The presidency, in a statement, said Hernández’s goal is to dispense social aid independent of political affiliations.
Anti-corruption investigators and academics who have studied Honduras say access to all manner of state benefits – from food handouts to multimillion-dollar public contracts – requires fealty to the National Party.
The party’s dozen years in power have allowed it to expand and consolidate such practices, studies show.
A 2019 report by the Latin American Public Opinion Project at Vanderbilt University found Honduras had the second-highest level of clientelism in Latin America, after the Dominican Republic. The study found that more than 18% of 1,561 Honduran voters surveyed in 2014 said they were offered a gift, favor or benefit in exchange for their vote in the 2013 presidential election. The survey, however, did not state which political parties made the alleged offers.
Local National Party activists are in charge of dispensing government welfare programs, which are then used to cement support from poor citizens ahead of elections, according to a March 2021 report by the Honduran Documentation Center, a Tegucigalpa-based private think-tank, with support from the National Democratic Institute, a U.S. pro-democracy group.
VOTING WITH THEIR FEET
Mauricio Arias said he has witnessed this arrangement as mayor of the western Honduras town of Copán Ruinas. A member of the opposition Liberal Party, Arias said his administration is excluded from decision-making about a federal assistance program called “Vida Mejor” or “Better Life.” He said local National Party operatives decide who gets help, directing most of the aid to the party’s base of voters.
Following Hernández’s victory in 2013, the government rolled out distribution of food parcels known as “bolsa solidaria” or “solidarity bag.” The government aid was largely channeled to citizens identified in an internal party “census” as likely National Party voters, said Raúl Pineda Alvarado, a former National Party lawmaker.
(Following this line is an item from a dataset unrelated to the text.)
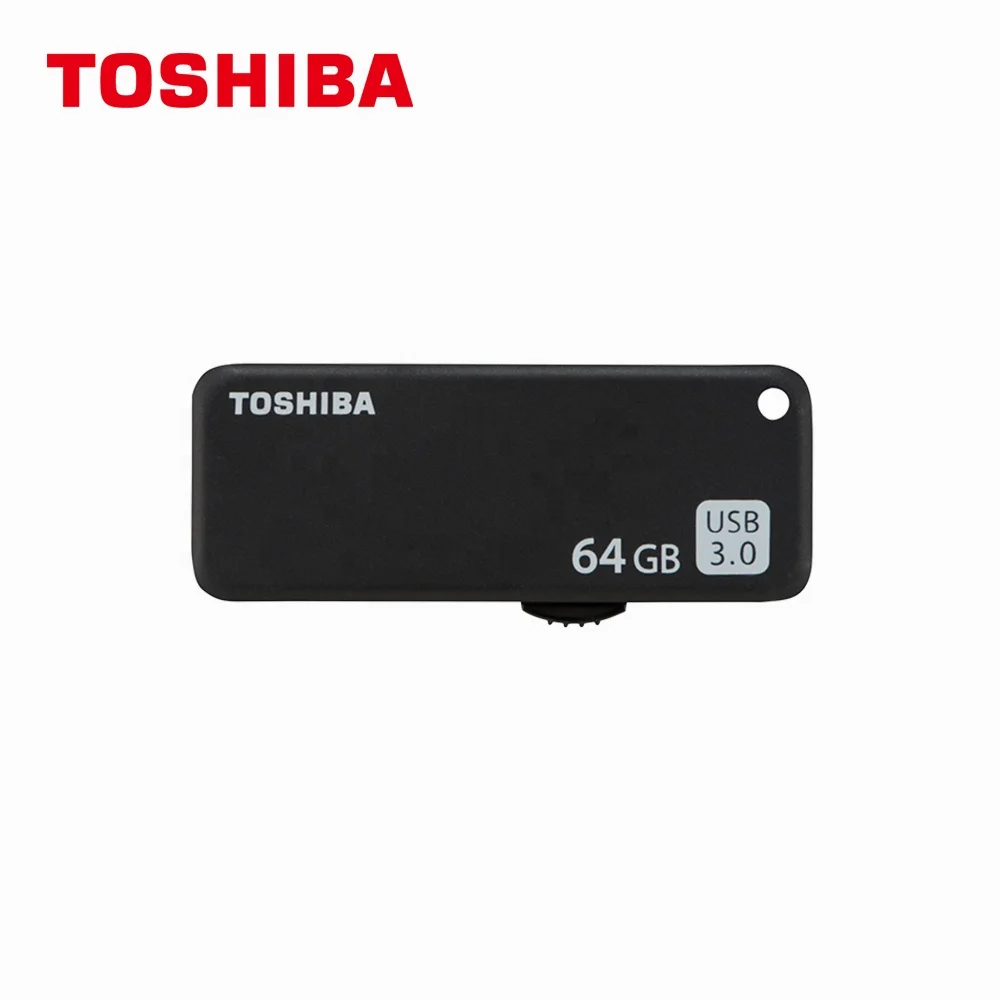 Good price best seller top quality memory stick TOSHIBA U365 smart super space 64GB Slide disk USB3.0 Flash Drive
“If you are not in the census, you don’t have access to the solidarity bag,” added Alvarado, who now works as a political analyst.
Anduray, the National Party spokesman, said the party had an extensive database of its members and supporters. He denied the party discriminates against opposition voters in handing out cash assistance.
Among those helping the ruling party forge connections with voters are foot soldiers like Sogeri López, a long-time supporter in Chamelecón, a suburb of San Pedro Sula.
Ahead of the March primaries this year, she said, the National Party offered her a stipend to door-knock in her neighborhood, which was clobbered by November’s hurricanes.
López said her job was to obtain contact information from likely party supporters to help mobilize turnout. In addition, she said, she was instructed to tell voters they’d receive food, new mattresses and building materials to repair their homes.
The National Party “promised aid in exchange for people’s votes,” she said. López said she was also told her canvassing would lead to a job for her 21-year-old son Daniel.
The National Party’s Anduray said it would have been an “isolated case” if any such promises were made. “It is not a strategy of the party,” he said.
López has since grown disillusioned.
She said some of the handouts she’d promised voters never arrived. Neither did her stipend or the job for Daniel, who headed north last month in hopes of reaching the United States.